>>>>>

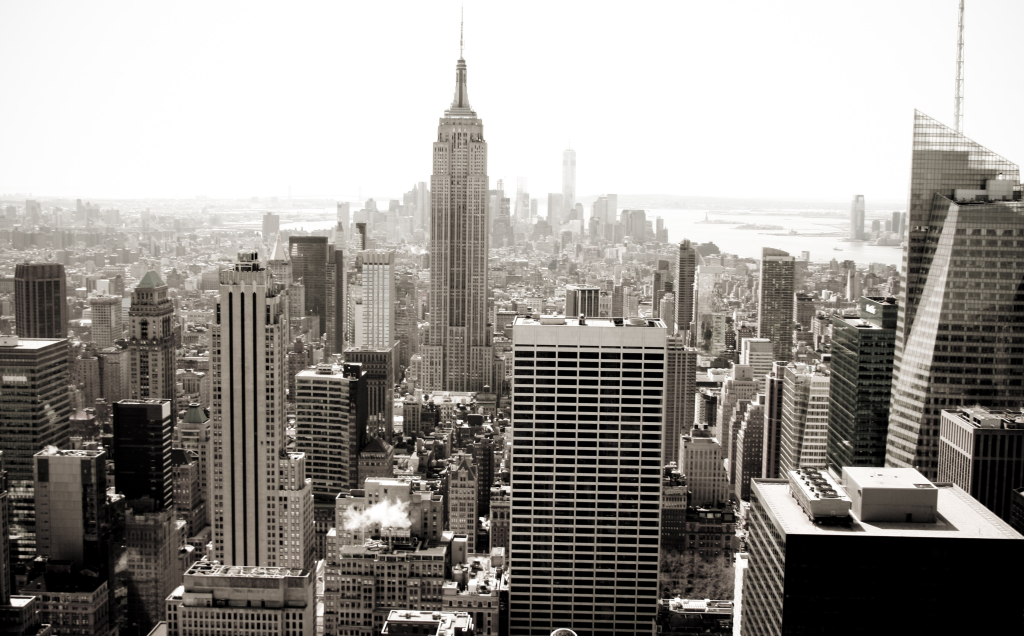 Black and white view of Manhattan skyline with Empire State Building in the center.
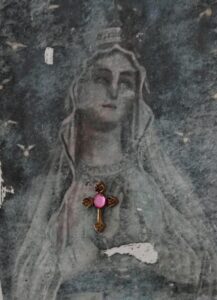 A cross is placed on the back of an old photo.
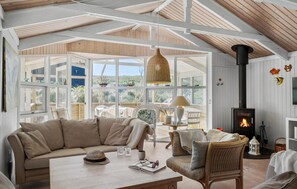A cozy living room with a large window, a fireplace, and a comfortable seating area. - 3 bedroom beautiful home in Blokhus (Blokhus)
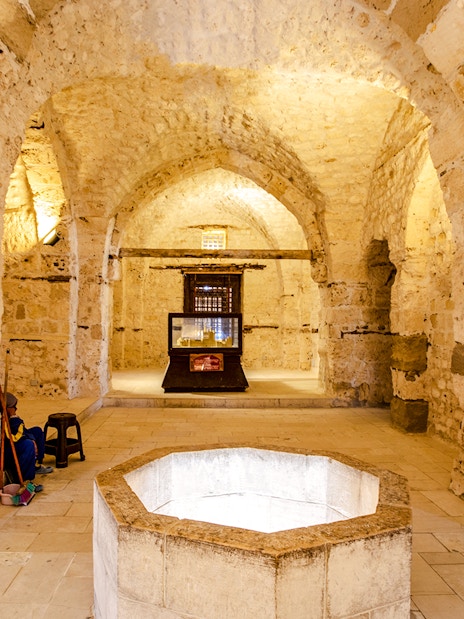 Historic stone interior with arches and a central display in Cairo.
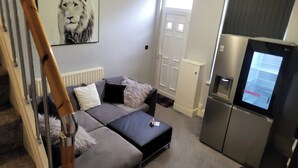 A modern living room with a sofa, a television, and a radiator. - Apartment - Sleeps 5 - Great Location - Parking (Stoke-on-Trent)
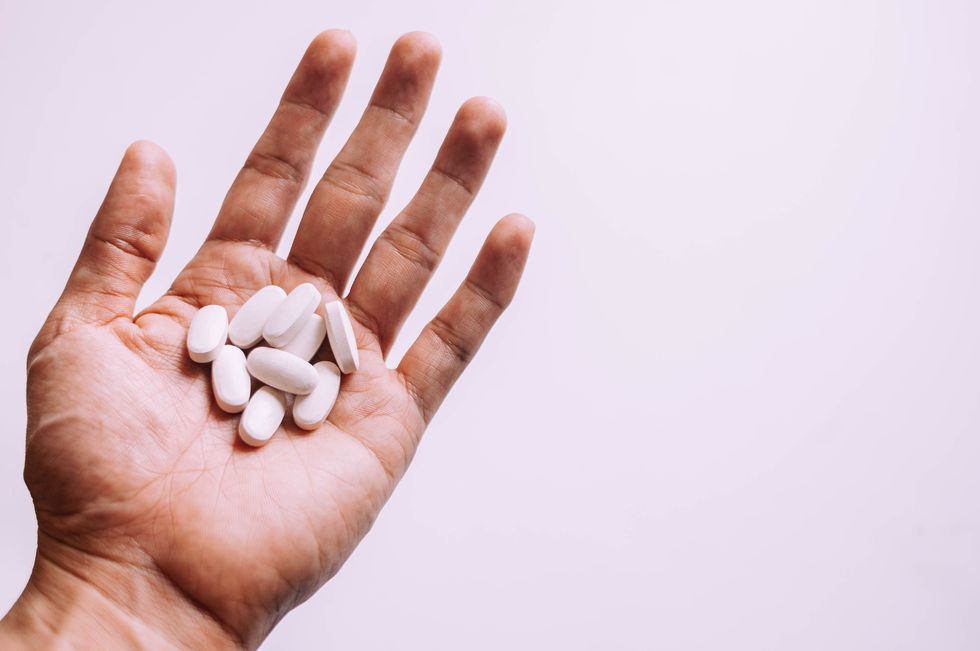 PILLS IN HAND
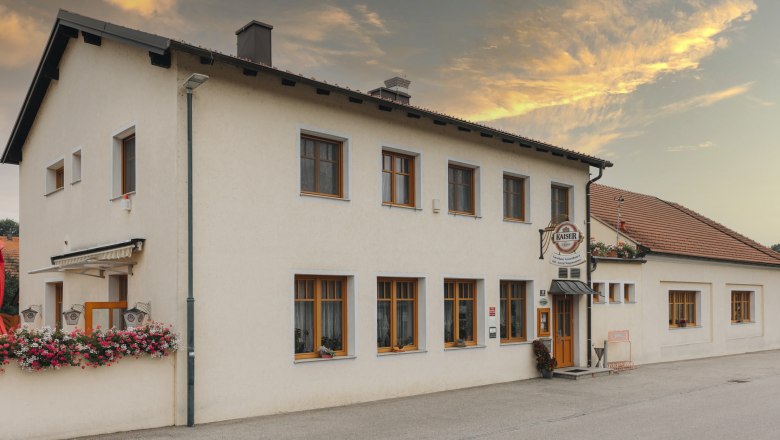 Gasthaus mit Blumenschmuck und Kaiser-Bierschild bei Sonnenuntergang.
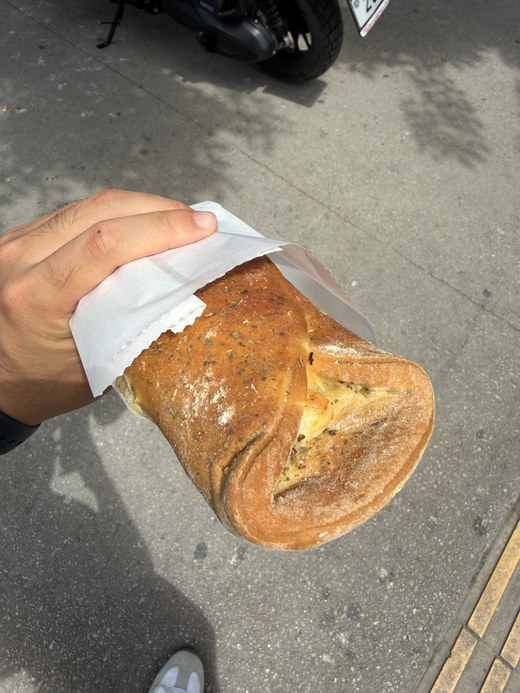 Hand holding a folded, herb-dusted baked pastry with melted cheese in a paper sleeve, Arch of Galerius, Greece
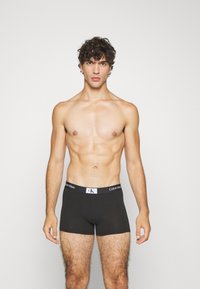 Bóxer negro elaborado en material suave con un logotipo blanco de Calvin Klein en la cintura, que presenta un ajuste ceñido y una textura lisa.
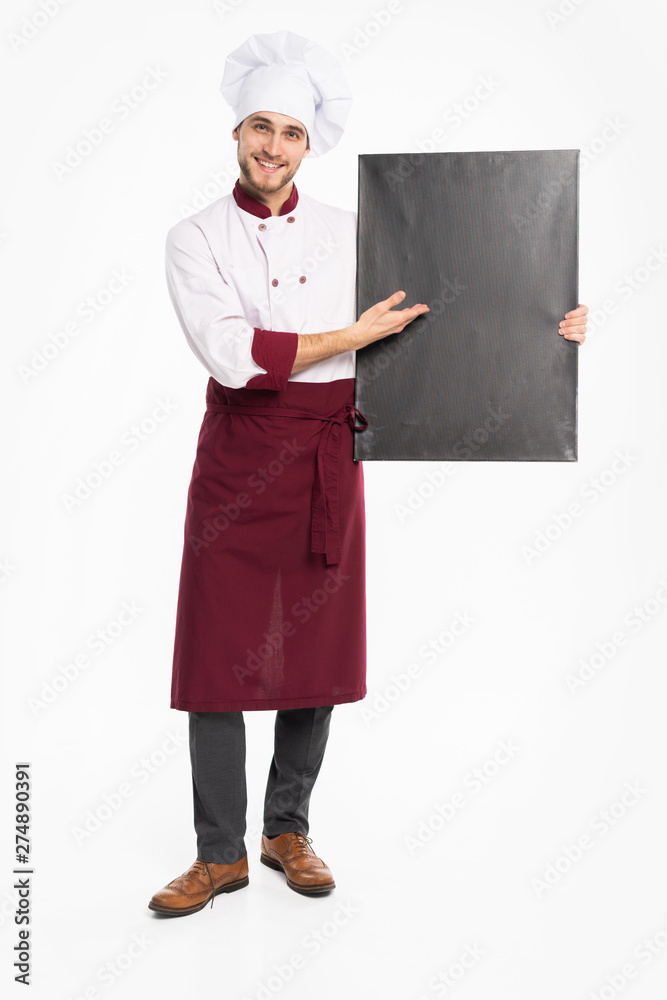 Full length portrait of a cheerful male chef cook in uniform holding blank board isolated on a white background. Full length portrait of a cheerful male chef cook in uniform holding blank board isolated on a white background.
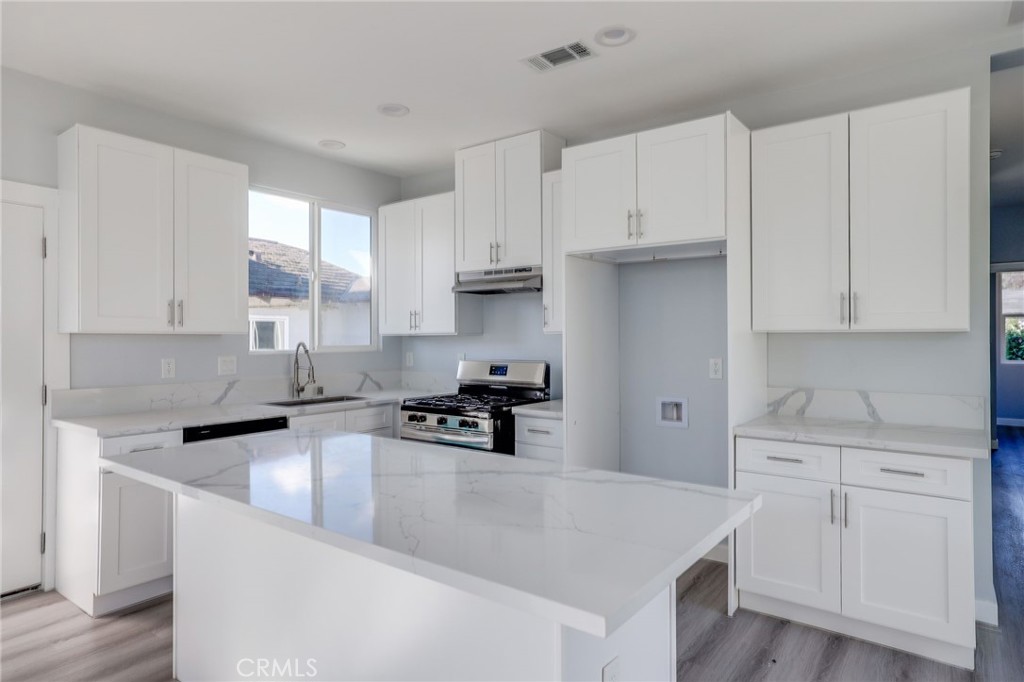 11875 Wisteria Avenue, Unit ADU Fountain Valley, CA 92708 - Photo 4 of 14 a kitchen with white cabinets and white appliances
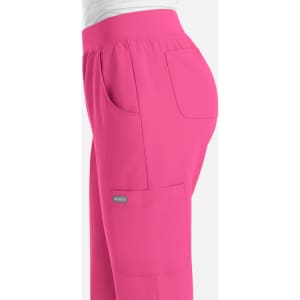 A pair of women's jogger pants in bright pink with an elastic waistband and side pockets, featuring a small logo.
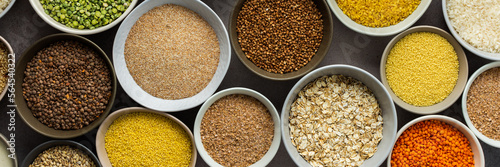 Various grain cereals in bowls banner, top view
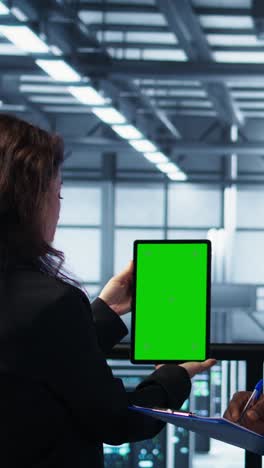 vertical video workers using mockup device in server room, checking infrastructure reliability
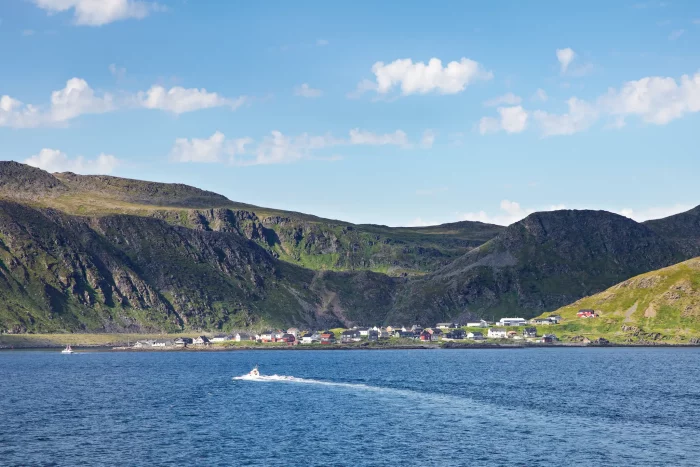 Kleines Boot fährt auf ruhigem Meer vor einer Küste mit grünen Hügeln und einem kleinen Dorf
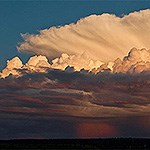 A thunderhead cloud fans out above a growing storm.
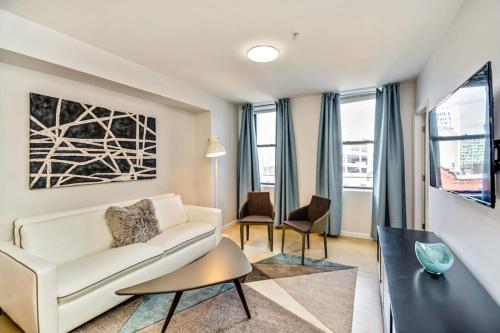 Forget the Hotel and stay in Style in a 2bd Apt في فيلادلفيا: غرفة معيشة مع أريكة بيضاء وطاولة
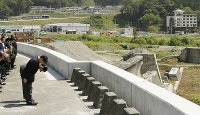 岩手県宮古市田老地区の津波防潮堤で、海に向かって黙礼される皇太子ご夫妻。中央奥は高台の三王団地。右奥はたろう観光ホテル＝２０１６年６月２１日午前９時３１分（代表撮影）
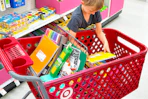 child putting a notebook in a target cart with school supplies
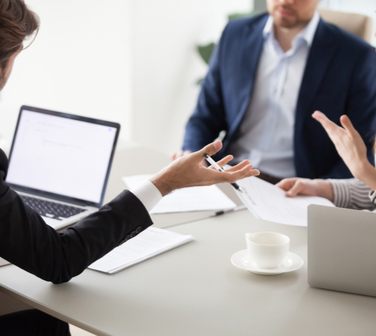 employees arguing in meeting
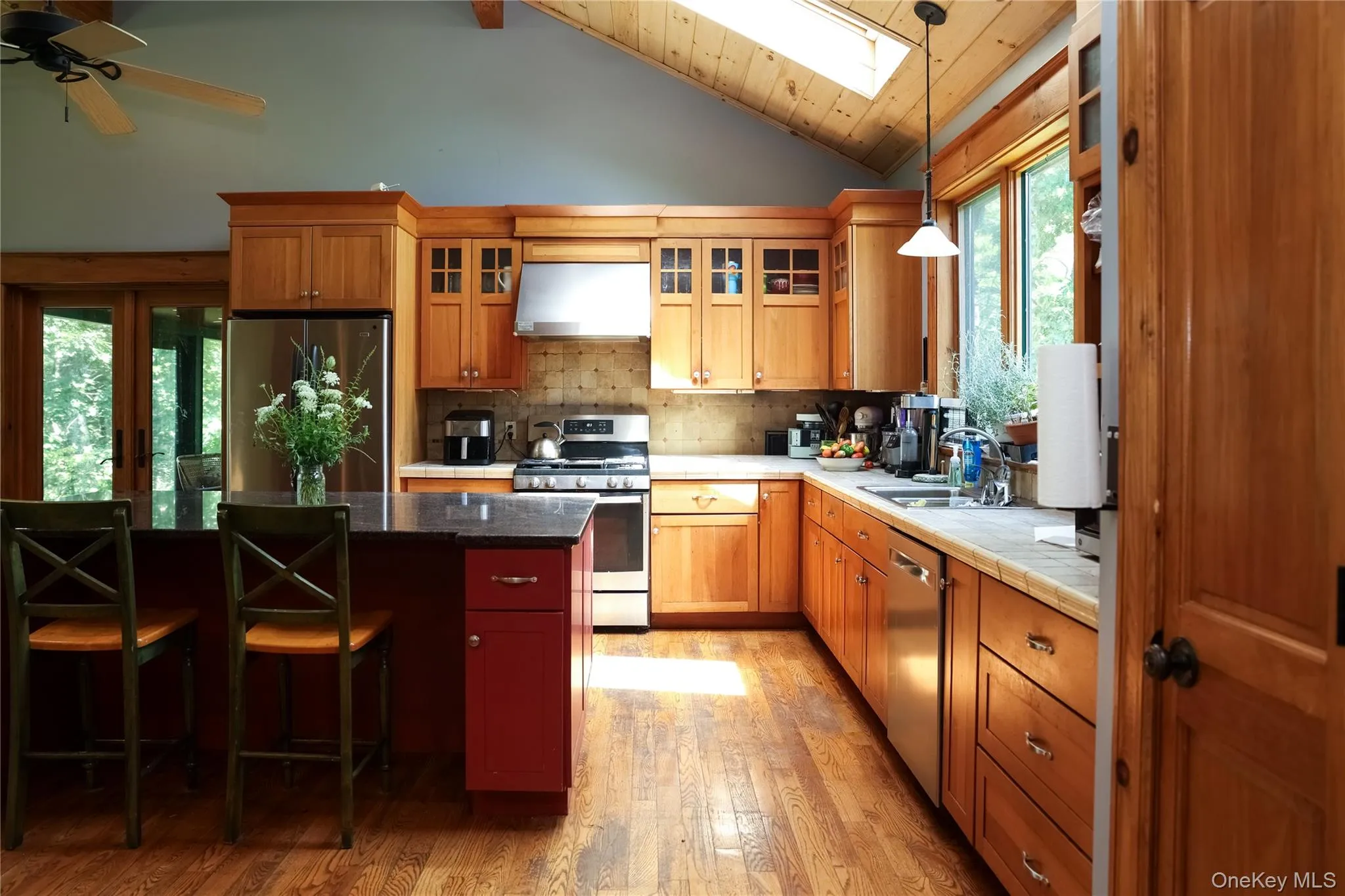 Kitchen featuring a vaulted wood-paneled ceiling with skylight, wood-finish flooring, wood cabinetry, and an island with a contrasting base Kitchen featuring a vaulted wood-paneled ceiling with skylight, wood-finish flooring, wood cabinetry, and an island with a contrasting base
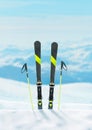 Ski and ski poles in the snow. Close-up vertical composition Royalty Free Stock Photo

<<<<<

Exact repeats of the lines from the first one in the data through the line containing "Bóxer negro elaborado" make up the answer. Pictures do not.

 Black and white view of Manhattan skyline with Empire State Building in the center.
 A cross is placed on the back of an old photo.
A cozy living room with a large window, a fireplace, and a comfortable seating area. - 3 bedroom beautiful home in Blokhus (Blokhus)
 Historic stone interior with arches and a central display in Cairo.
 A modern living room with a sofa, a television, and a radiator. - Apartment - Sleeps 5 - Great Location - Parking (Stoke-on-Trent)
 PILLS IN HAND
 Gasthaus mit Blumenschmuck und Kaiser-Bierschild bei Sonnenuntergang.
 Hand holding a folded, herb-dusted baked pastry with melted cheese in a paper sleeve, Arch of Galerius, Greece
 Bóxer negro elaborado en material suave con un logotipo blanco de Calvin Klein en la cintura, que presenta un ajuste ceñido y una textura lisa.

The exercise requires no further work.